One of the most prolific and perceptive art critics of the past 60 years died recently. Others will pick up his mantle, no doubt, but his passing from the scene is truly a loss. His name was Calvin Tomkins.
He was born in Orange, New Jersey in December 1925. After high school, he went to Princeton, from which he graduated in 1948. Shortly, he found himself working as a journalist for an American state broadcaster known as Radio Free Europe. After that, he started writing for Newsweek. He became a staff writer for the New Yorker in 1960. He started there by writing fiction, and his first non-fiction piece was a profile of a Swiss artist in 1962.

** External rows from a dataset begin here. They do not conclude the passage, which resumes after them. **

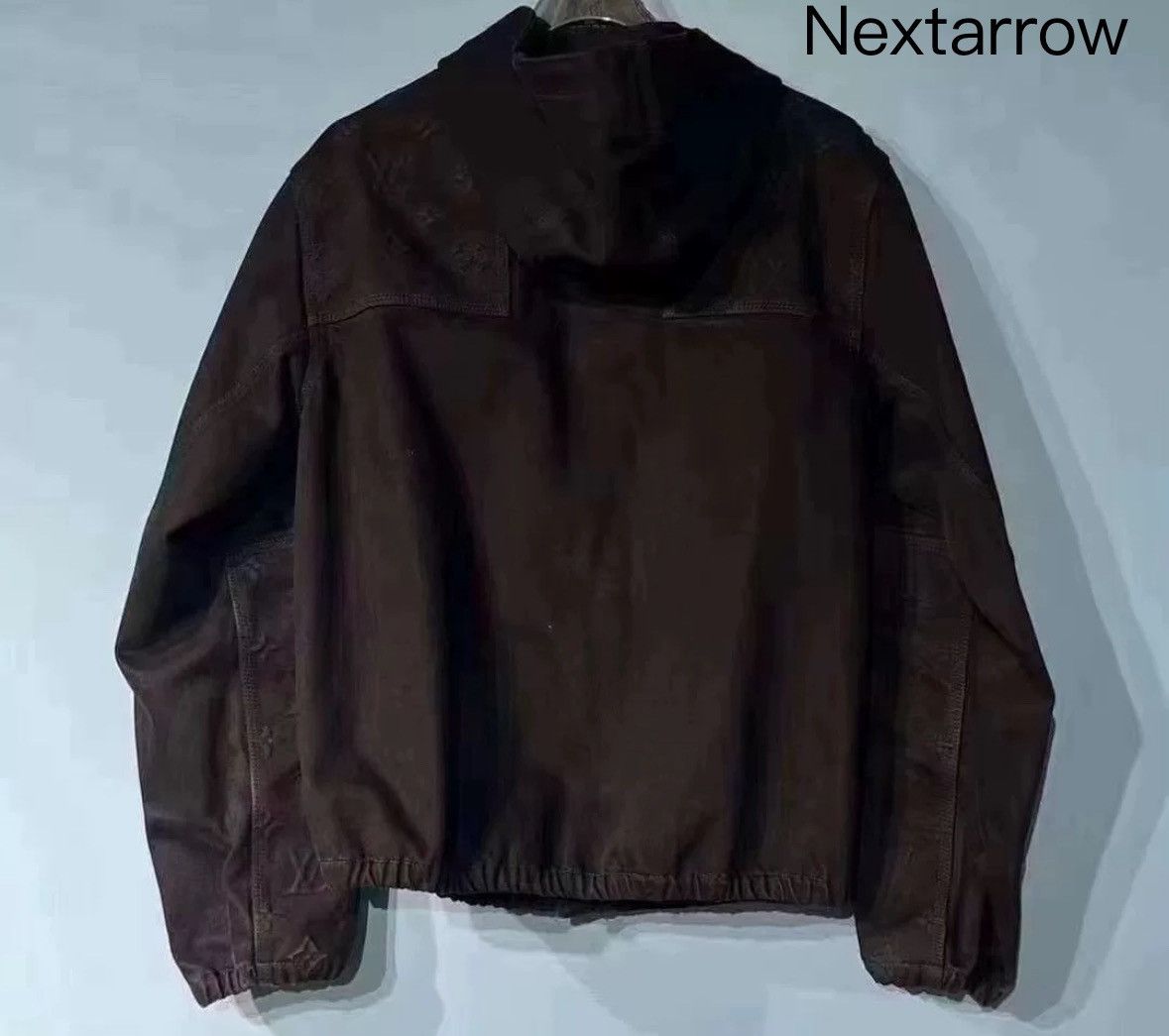 Louis Vuitton Louis Vuitton's latest black logging full print logo jacket Size US M / EU 48-50 / 2 - 2 Thumbnail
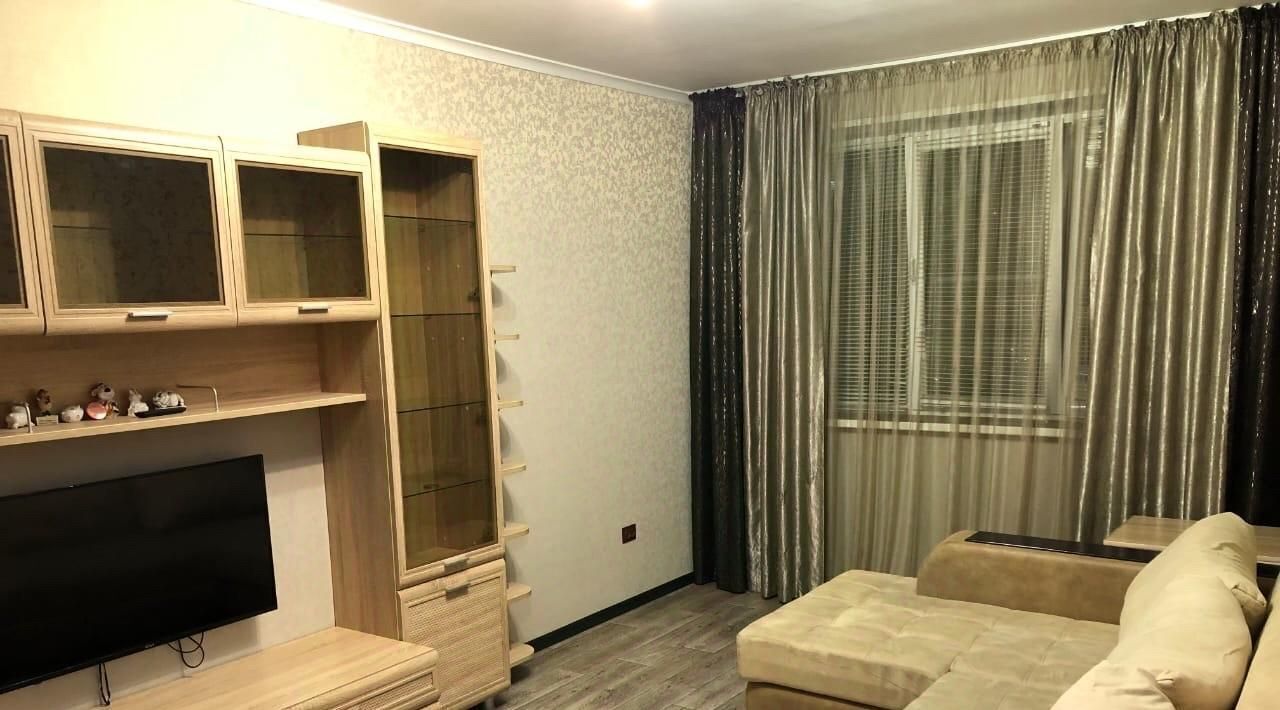 квартира г Старый Оскол Рудничный микрорайон 4 фото 4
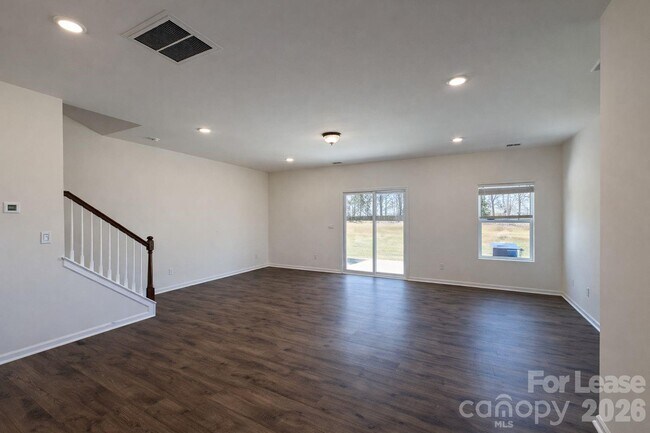 Photo - 2867 Aubrey St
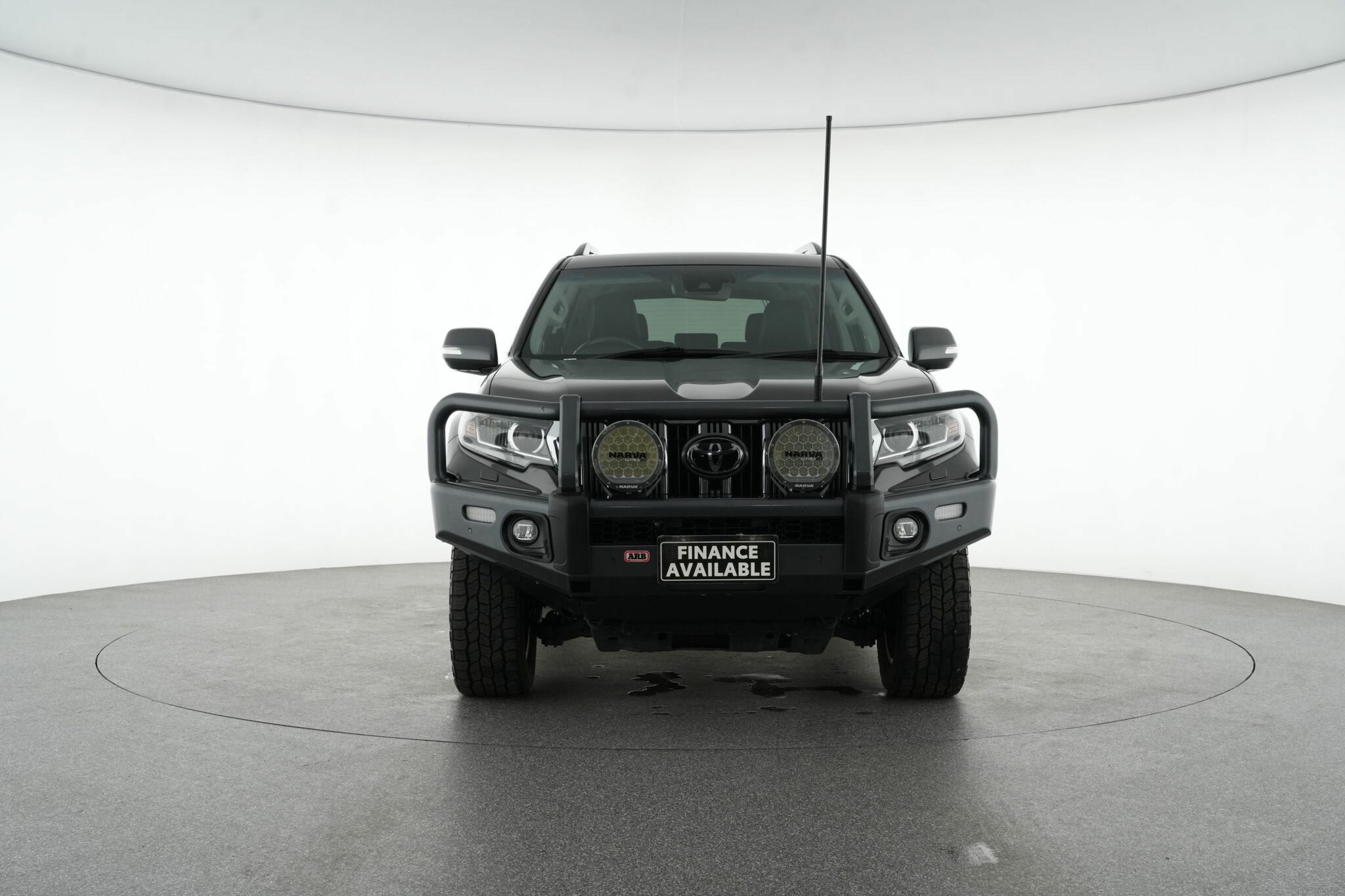 Toyota Landcruiser Prado image 3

Tomkins wrote extensively and revealingly about all the new and often controversial art forms to emerge in the 1970s. Throughout that decade and those that followed, he wrote a regular art world column in the magazine, along with reviews of museum exhibits and gallery shows. But his specialty became the artist profile—short biographies that sought to capture an artist and let the reader into his or her mind to help understand the art that was being produced. “Being a reporter and not a critic,” he once said, “I tend to feel that what artists say or think – and certainly what they do – is a good deal more interesting than what contemporary art critics write about them.”He wrote pieces on artists ranging from Georgia O’Keeffe to Jasper Johns;
Editor David Remnick remembered his New Yorker colleague as someone who “appreciated the great critics and art academics of his time, but he was not of their tribe. His approach was journalistic. His pieces thrived on proximity to the artist at hand.”

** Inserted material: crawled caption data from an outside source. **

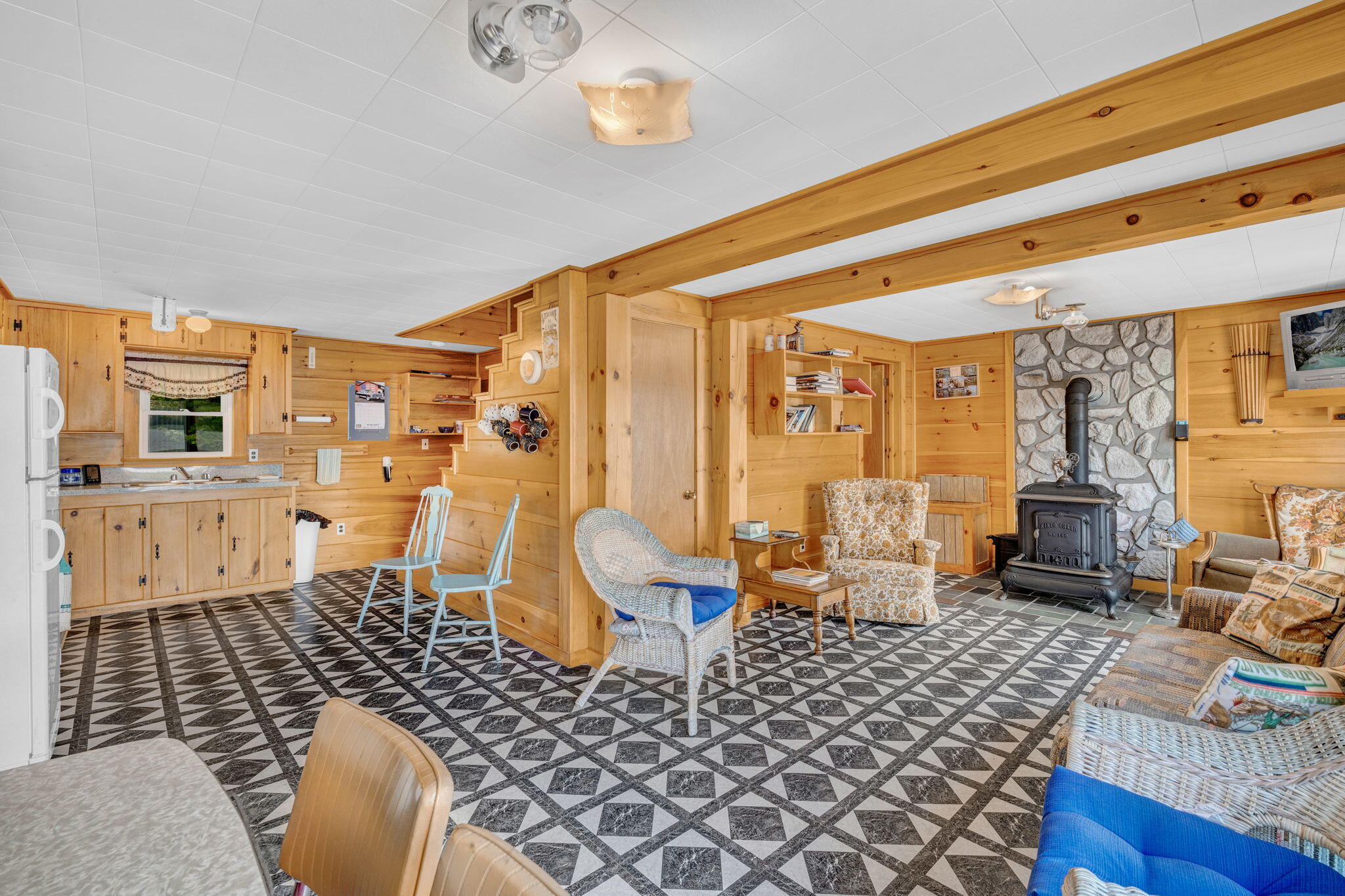 main property photo 26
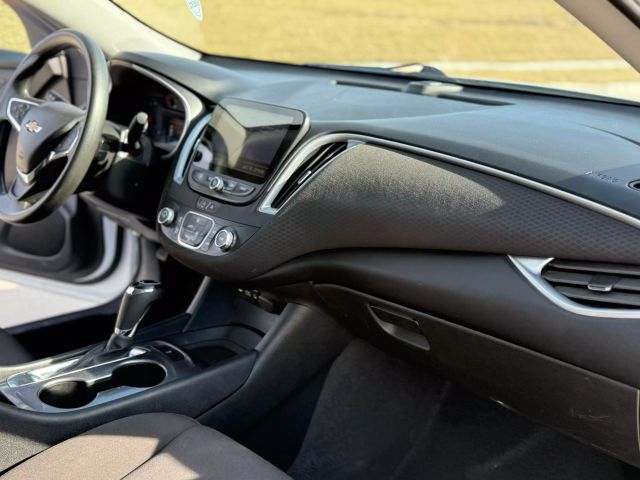 2020 Chevrolet Malibu - Image 20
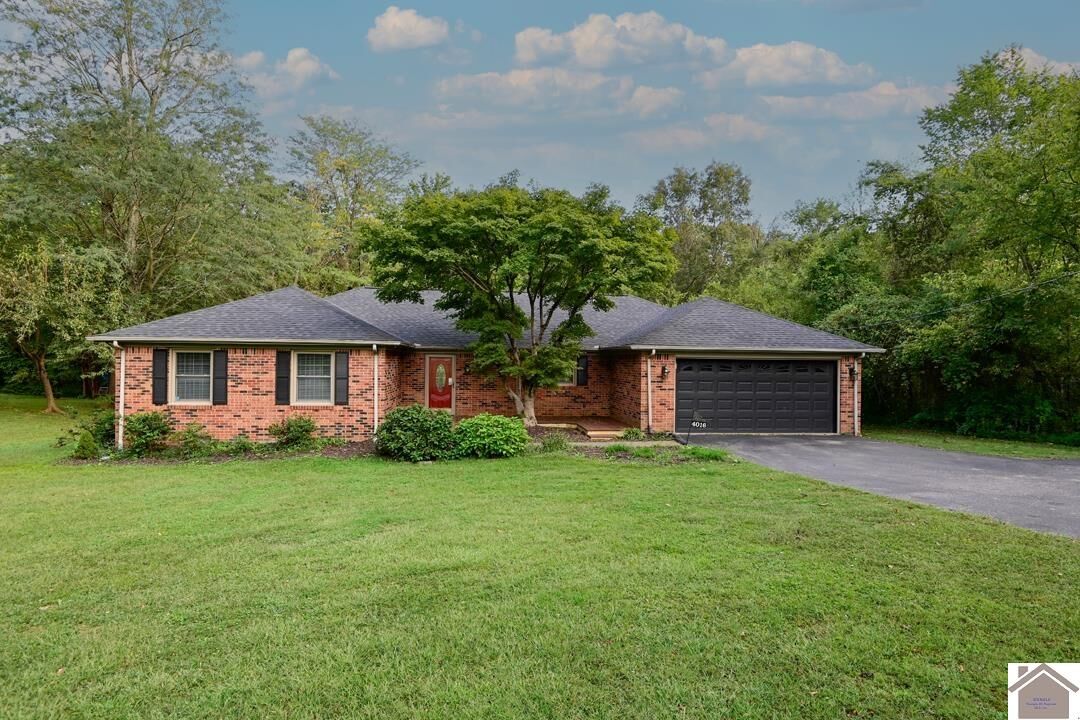 Property Photo: 4016 Alben Barkley Dr KY 42001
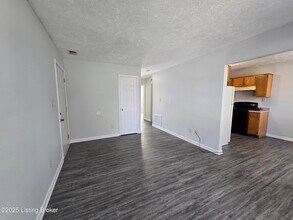 1704 Stallings Ave in Louisville, KY - Building Photo - Building Photo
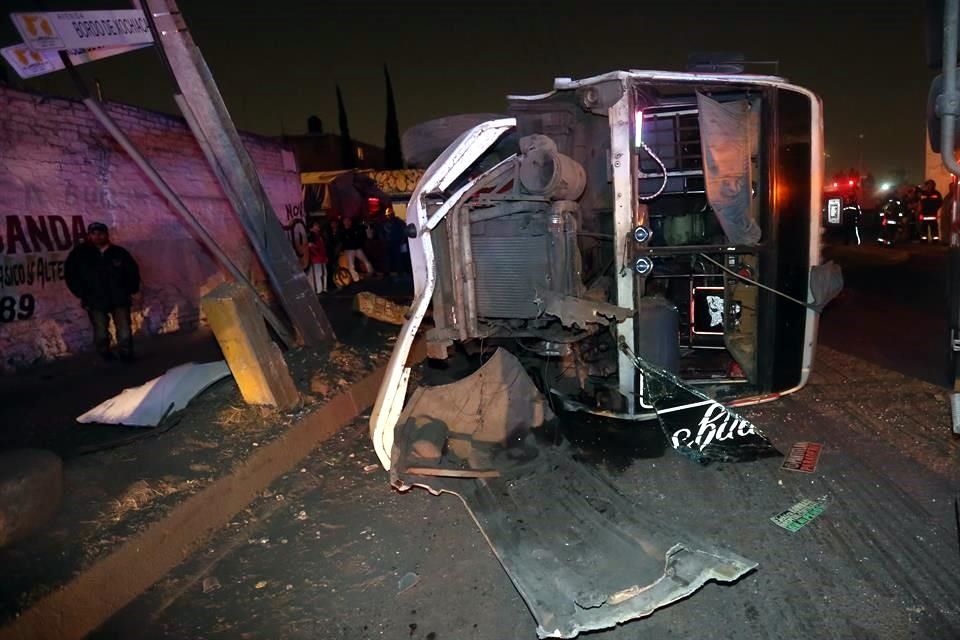 Volcadura de camión deja al menos 10 heridos en Neza - 2609352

I want you to hear me say this: Every great critic is a historian. The reason for that is because the heart of criticism is to put the work of the present into conversation with the work of the past:to understand what an artist is doing today in light of how it’s different from, similar to, or transcendent of the past. And to do that, perhaps needless to say, one has to know history
Tomkins recently quipped that the three ages of man are Youth, Maturity, and You Look Great. Old age is no joke, he said, but it can feel like one. Calvin Tomkins died on March 20 in Rhode Island. He was 100 years old.